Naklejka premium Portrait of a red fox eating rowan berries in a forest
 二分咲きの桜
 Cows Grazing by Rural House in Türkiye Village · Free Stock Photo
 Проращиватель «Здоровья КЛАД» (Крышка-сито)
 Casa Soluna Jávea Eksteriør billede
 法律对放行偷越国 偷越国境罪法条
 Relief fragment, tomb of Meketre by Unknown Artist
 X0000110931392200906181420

☆ ☆ ☆ ☆ ☆

▶ [Task to complete]:
Print all of the entries exactly as they appear.

▶ [Exercise response]:
Naklejka premium Portrait of a red fox eating rowan berries in a forest
 二分咲きの桜
 Cows Grazing by Rural House in Türkiye Village · Free Stock Photo
 Проращиватель «Здоровья КЛАД» (Крышка-сито)
 Casa Soluna Jávea Eksteriør billede
 法律对放行偷越国 偷越国境罪法条
 Relief fragment, tomb of Meketre by Unknown Artist
 X0000110931392200906181420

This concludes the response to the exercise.